John Jeremiah Sullivan writes about heritage, history, literature, and the Emerald Isle in this piece for The New York Times Magazine, “My Debt to Ireland.” In the essay, Sullivan talks about the Aran Islands, and in particular Dún Aonghasa. On our Tumblr, I’ve shared some photos I took at the place.
Book Cover Roundup, Item #1: Each year The Millions publishes a high stakes face-off between the UK and US covers of books featured in The Morning News’ Tournament of Books (2014, 2013, 2012). Now, for Sarah Hemfrey’s research on book covers in the publishing industry, it’s your turn to be the judge. Item #2: if Harry Potter is more your style, that whole series is getting new cover designs, too.
Can’t get enough Murakami? In the lead-up to the announcement of this year’s Nobel Prize for literature, Dan over at “How to Japonese” will post a short, new Murakami translation each week. The translations come from an unpublished (in English) collection of Murakami’s answers to his readers’ questions. This week, Murakami tackles safe sex.
One night in 1937, Avies Platt decided to attend a meeting of the Sex Education Society, held at London’s Grafton Galleries. When the meeting was over, she ended up driving none other than W.B. Yeats to the afterparty. In the LRB, she recalls her encounter with greatness.

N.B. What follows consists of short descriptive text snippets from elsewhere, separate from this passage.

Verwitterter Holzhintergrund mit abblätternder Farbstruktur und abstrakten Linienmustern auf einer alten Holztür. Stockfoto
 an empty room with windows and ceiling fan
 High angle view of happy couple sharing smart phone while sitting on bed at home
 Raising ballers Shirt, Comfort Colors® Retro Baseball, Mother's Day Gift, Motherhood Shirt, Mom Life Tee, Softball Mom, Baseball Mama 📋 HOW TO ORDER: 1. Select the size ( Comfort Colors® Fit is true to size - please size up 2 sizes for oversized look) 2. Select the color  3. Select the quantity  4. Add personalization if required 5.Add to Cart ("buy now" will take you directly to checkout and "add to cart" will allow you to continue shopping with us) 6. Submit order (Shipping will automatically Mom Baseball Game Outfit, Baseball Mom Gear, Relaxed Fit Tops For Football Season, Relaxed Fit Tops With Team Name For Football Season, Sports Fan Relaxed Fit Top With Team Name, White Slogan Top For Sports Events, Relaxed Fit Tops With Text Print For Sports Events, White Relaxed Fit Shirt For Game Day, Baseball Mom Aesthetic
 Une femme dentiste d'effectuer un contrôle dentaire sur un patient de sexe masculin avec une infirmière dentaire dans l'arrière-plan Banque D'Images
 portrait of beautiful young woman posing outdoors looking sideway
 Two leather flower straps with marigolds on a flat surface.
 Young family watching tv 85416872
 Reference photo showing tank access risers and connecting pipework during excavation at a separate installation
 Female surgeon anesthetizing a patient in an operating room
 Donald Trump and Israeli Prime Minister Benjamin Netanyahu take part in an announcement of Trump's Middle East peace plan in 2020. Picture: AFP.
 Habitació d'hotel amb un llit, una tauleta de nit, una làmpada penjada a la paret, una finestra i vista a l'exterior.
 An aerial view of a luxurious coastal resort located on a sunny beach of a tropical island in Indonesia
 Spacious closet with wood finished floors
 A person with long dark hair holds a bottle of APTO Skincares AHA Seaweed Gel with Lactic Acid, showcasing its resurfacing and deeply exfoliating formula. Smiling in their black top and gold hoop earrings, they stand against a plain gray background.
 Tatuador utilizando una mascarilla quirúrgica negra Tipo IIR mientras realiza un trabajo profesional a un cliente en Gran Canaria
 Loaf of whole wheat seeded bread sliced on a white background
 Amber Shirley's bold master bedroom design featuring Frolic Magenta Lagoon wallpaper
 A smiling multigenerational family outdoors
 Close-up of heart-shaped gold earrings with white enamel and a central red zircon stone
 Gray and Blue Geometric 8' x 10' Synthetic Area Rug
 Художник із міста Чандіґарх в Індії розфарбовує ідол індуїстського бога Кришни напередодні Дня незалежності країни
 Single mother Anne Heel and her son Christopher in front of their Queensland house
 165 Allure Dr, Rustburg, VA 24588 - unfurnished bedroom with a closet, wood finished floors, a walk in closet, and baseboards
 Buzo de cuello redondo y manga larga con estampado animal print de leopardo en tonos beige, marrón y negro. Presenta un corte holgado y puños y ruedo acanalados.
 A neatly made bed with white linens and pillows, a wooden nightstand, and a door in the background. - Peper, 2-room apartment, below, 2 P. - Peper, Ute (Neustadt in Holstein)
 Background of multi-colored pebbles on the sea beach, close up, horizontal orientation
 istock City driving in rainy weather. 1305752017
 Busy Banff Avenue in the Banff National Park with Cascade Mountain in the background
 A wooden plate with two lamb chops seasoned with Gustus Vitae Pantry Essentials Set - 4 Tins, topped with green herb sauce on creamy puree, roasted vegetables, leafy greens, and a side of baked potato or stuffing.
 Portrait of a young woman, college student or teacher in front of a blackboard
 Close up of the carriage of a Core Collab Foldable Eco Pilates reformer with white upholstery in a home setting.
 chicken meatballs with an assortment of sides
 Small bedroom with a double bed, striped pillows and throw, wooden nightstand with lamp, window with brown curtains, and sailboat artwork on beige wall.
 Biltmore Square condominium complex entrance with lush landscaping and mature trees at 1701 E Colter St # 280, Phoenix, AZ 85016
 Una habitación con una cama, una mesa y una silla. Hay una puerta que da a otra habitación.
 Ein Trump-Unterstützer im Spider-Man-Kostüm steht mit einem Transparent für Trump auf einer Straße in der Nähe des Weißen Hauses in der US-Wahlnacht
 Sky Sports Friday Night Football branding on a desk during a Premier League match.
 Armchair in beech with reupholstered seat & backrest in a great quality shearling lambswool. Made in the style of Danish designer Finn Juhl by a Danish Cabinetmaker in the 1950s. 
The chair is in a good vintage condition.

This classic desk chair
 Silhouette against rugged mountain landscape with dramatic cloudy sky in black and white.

“By three a.m., the seven of us had drunk a case of champagne, plus two additional bottles, followed by whiskey digestifs for the men. ‘They do this all the time,’ Pierre’s wife Chloe whispered to me in English at one point—dismissively, but without malice. As if to say, sure, Pierre’s relatives were lushes, but perhaps this was how life should be, inévitablement.” I doubt I have to tell you what city this all took place in.
In anticipation of Adam Sternbergh’s novel, Shovel Ready, Chris Bilton and Sarah Liss collaborated on “the ultimate N.Y.C. dystopia map,” which serves as an amalgamation of “some of the darkest visions of the city.” Meanwhile, Jacob Silverman points us to a map of St. Petersburg, Russia, “made out of lines from Russian literature.” (Bonus: Sternbergh discusses his novel with the Los Angeles Times.)